Glutamate and GABA deficits in FTD and PSP. (A) Mean metabolite concentrations using magnetic resonance spectroscopy. Glutamine–glutamate concentrations are reduced in the frontal cortex of FTD. Graph of data from Ernst et al. (1997). Reprinted with permission from the authors and the Radiological Society of North America. (B) Post-mortem glutamatergic receptor binding in FTD. Binding to NMDA and AMPA receptors is reduced in the frontal and temporal lobes. From Procter et al. (1999).
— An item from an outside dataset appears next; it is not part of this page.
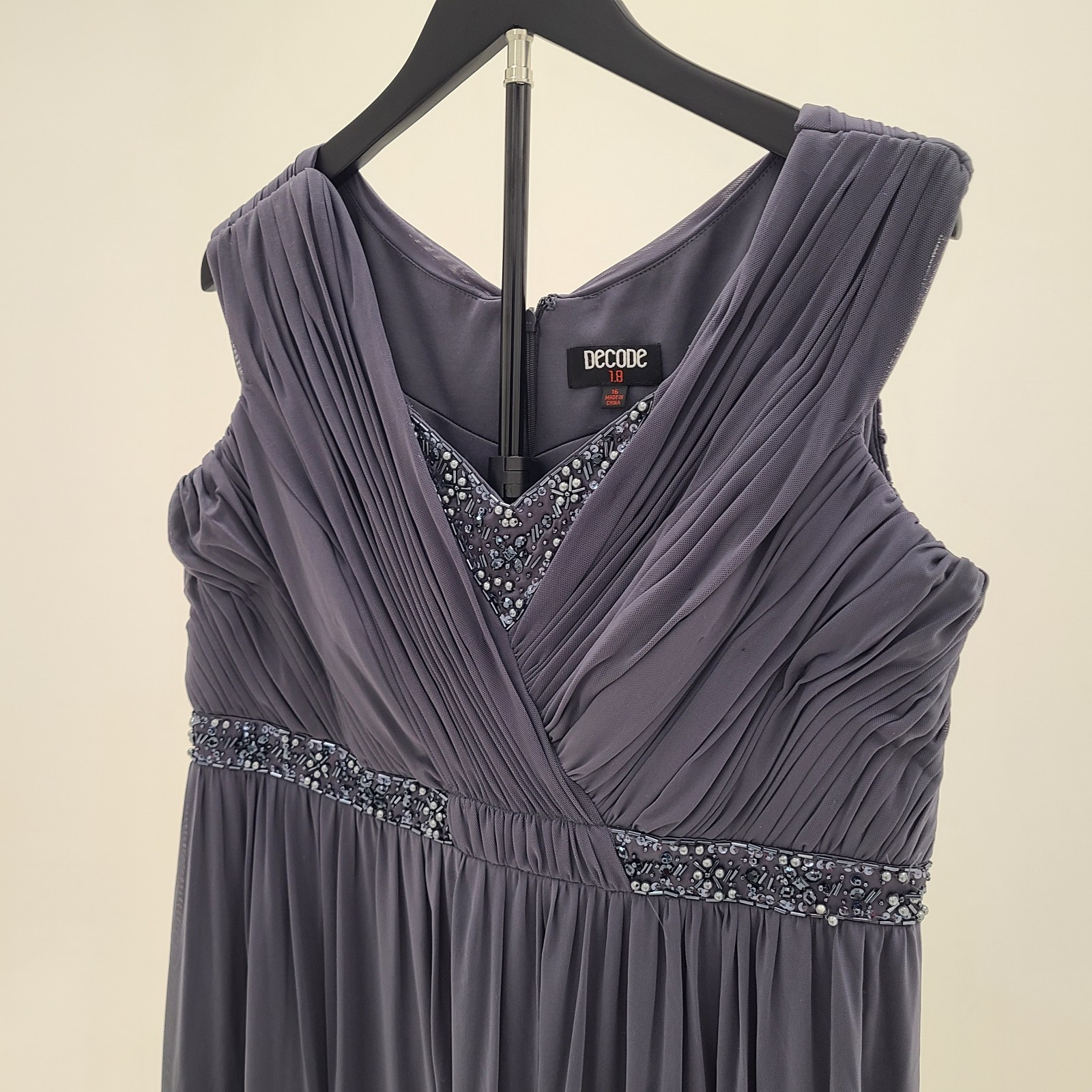 Decode 1.8 Cap Sleeve V Neck Gray Beaded Maxi Long Formal Gown Dress- Size 16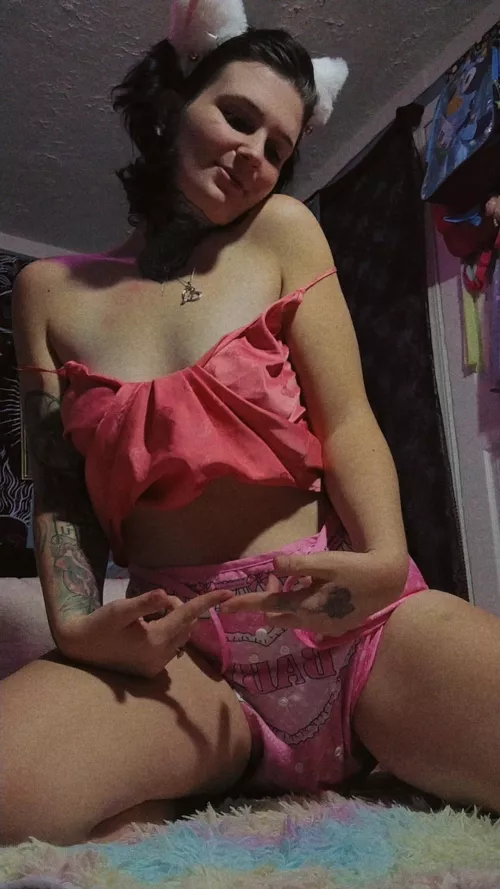 My mommy says Im the most perfect n bewtiful wittle diaper princess 😍 would you agree 👉👈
Reprinted with permission from S. Karger AG. (C) Neuron number in two thalamic nuclei [parafascicular (Pf) and centromedian (CM)] that contain glutamatergic neurons is reduced in PSP compared with controls. Adapted from Henderson et al. (2000), with permission from the authors and Oxford University Press. (D) Numbers of GABAergic neurons (measured by glutamic acid decarboxylase mRNA expression) in the striatum and pallidum in controls and PSP patients. There is significant reduction in striatal GABAergic neurons in patients. Graph of data from Levy et al. (1995), reprinted with permission from the authors and Wolters Kluwer. (E) Calbindin immunohistochemistry of GABAergic cells in the frontal cortex of FTD and control brains. From Ferrer (1999). Reproduced with permission from Karger. (F) ¹¹C-flumazenil PET binding to benzodiazepine receptors in healthy controls (N), PSP and the group difference in cortical and subcortical areas. From Foster et al. (2000). Reproduced with permission from Wolters Kluwer.